Often missed in this familiar story is the nuance of an interaction between Jesus and His disciples. Late in the day they came to Jesus and told Jesus to send the people away to find food and lodging. Other accounts reveal Phillip as the spokesman, but it was obvious he expressed the consensus of their collaboration about the problem. They reminded Jesus that they were in a desert place, as if He might not be aware of that.
How atrocious that they would presume to instruct Jesus and tell Him what to do! In a lapse of sanity they thought perhaps Jesus didn’t realize where they were and the dilemma that created for the crowd of hungry followers. This is the Jesus that earlier in healing and forgiving the paralytic had revealed He knew even the thoughts of the Pharisees. Was there anything that the incarnate Son of Almighty God did not know?

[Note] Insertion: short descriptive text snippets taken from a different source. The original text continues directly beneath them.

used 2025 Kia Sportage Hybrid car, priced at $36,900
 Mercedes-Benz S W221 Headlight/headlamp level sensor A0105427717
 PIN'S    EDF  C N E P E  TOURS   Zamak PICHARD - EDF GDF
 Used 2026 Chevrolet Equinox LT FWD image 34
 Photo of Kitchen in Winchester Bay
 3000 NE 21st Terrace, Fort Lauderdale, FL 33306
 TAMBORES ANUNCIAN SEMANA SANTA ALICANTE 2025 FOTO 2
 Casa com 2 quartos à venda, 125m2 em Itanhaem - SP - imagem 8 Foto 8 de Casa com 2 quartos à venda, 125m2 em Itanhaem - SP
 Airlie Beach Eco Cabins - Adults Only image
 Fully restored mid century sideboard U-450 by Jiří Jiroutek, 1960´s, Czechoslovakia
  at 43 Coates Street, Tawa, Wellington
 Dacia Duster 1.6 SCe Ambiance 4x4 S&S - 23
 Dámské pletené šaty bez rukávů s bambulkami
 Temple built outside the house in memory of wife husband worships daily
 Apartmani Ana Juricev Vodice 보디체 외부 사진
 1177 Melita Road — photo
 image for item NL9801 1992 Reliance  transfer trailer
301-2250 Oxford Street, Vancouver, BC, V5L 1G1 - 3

Does this not reflect how we often pray? Finding ourselves in a dilemma, faced with a problem or need, we come to Jesus and tell Him about our situation and what He needs to do about it? Our supplications are how we perceive God should deal with the need–heal my sick child, deliver us from financial stress, restore a wayward son, give me a job, etc. We can be assured Jesus knows our need; He is the one that knows the hairs on our head and sees every sparrow that falls. And often what He wants to do about our situation may be other than what we see as the only solution.
God says in Isaiah 65:24, “Even before they call, I will answer; while they are still speaking, I will hear.” Yes, Jesus knows our need, He hears our prayer and He is faithful to respond. But sometimes His answer is not what we think He should do. His intervention in our problems is not an entitlement like providing bread to hungry people. He answers prayer from a larger perspective of what would most glorify God and be for our greater benefit than just meeting an immediate need.
Notice the retort of Jesus to Phillip’s suggestion: “You give them something to eat” (Luke 9:13). That was just as preposterous as the disciples’ solution and somewhat sarcastic. They didn’t have any money nor a place to buy food even if they did. John’s Gospel adds the parenthetical statement that Jesus knew what He was going to do, so why did He instruct the disciples to do something they could not do? When we come to Jesus we need to do so in humility, acknowledging our inadequacy. We spend a lot of futile time trying to work out our problems and solve the dilemmas we constantly face when we don’t have the ability or resources to do so. Not until we recognize our inadequacy do we bring them to Jesus and let Him do what only He can do.